**Activity**
Copy out the data in full and exactly, passing over the pictures.

**Available data**
□ □ □ □ □

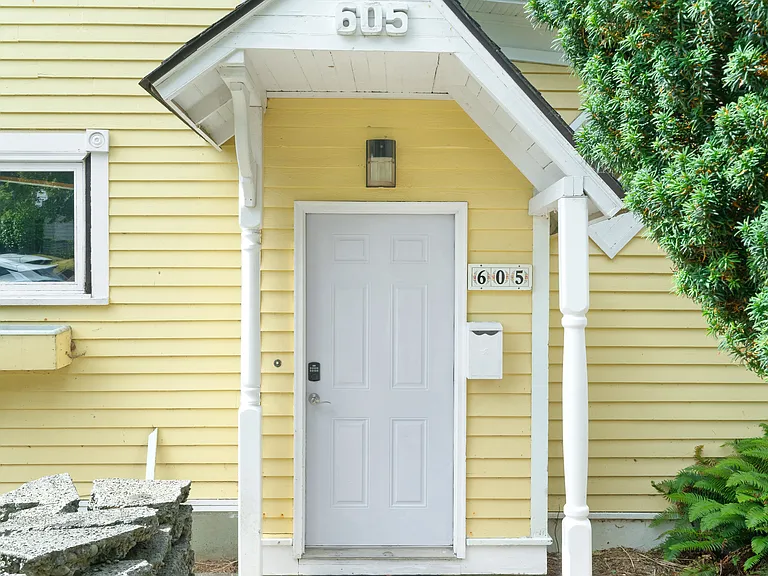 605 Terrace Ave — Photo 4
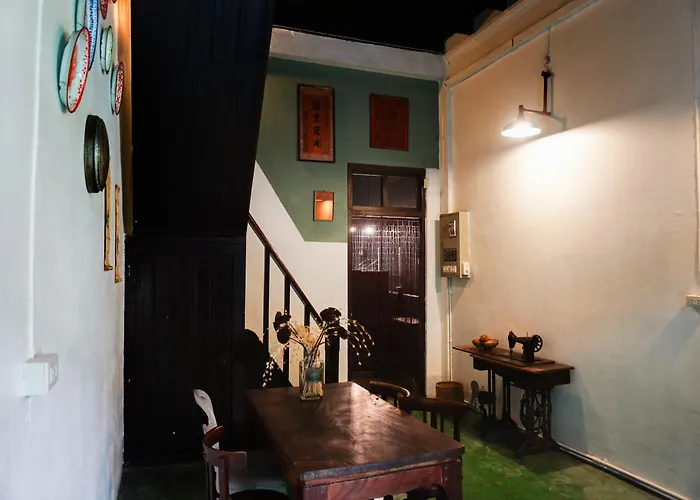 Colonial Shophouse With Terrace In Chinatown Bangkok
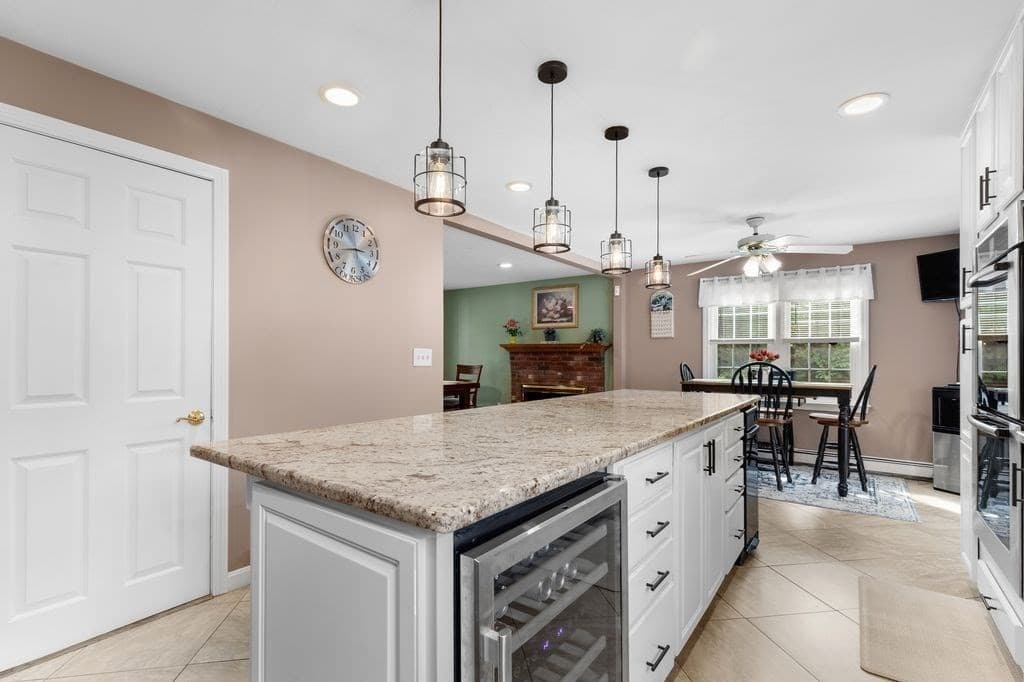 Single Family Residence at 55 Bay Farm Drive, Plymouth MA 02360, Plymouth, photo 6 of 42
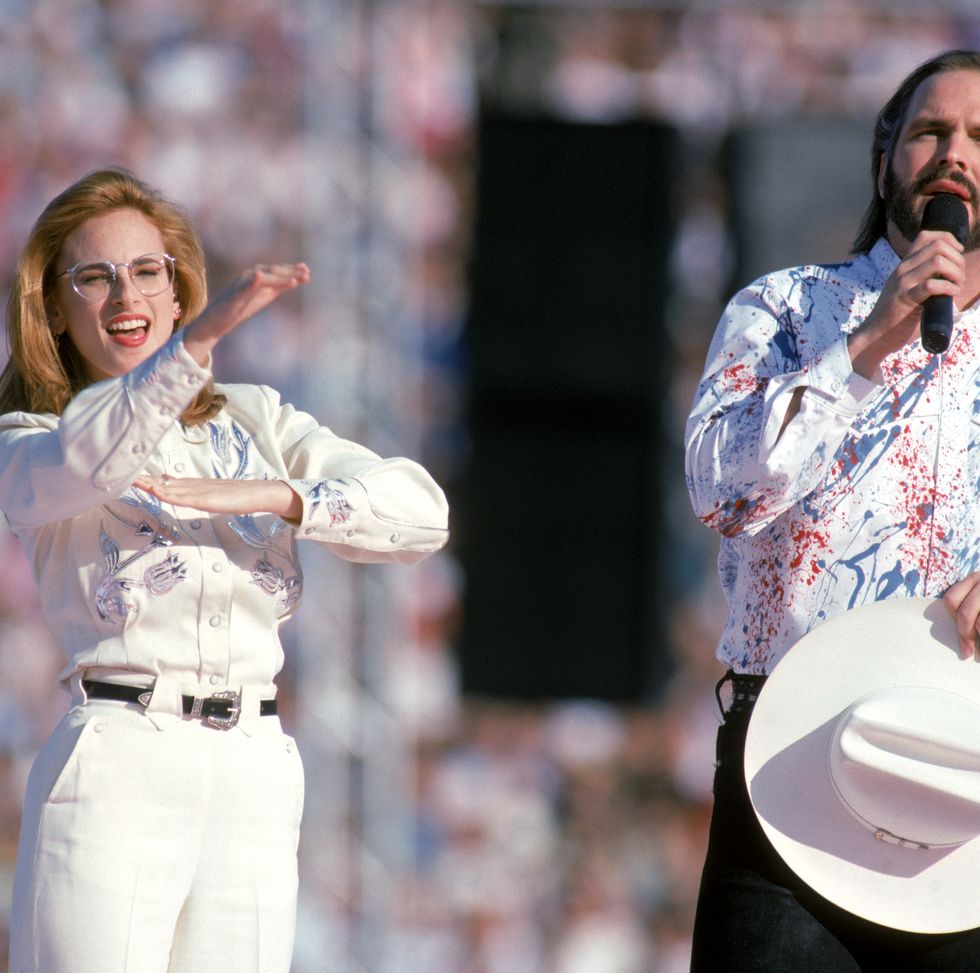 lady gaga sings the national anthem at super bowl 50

□ □ □ □ □

**Response area**
 605 Terrace Ave — Photo 4
 Colonial Shophouse With Terrace In Chinatown Bangkok
 Single Family Residence at 55 Bay Farm Drive, Plymouth MA 02360, Plymouth, photo 6 of 42
 lady gaga sings the national anthem at super bowl 50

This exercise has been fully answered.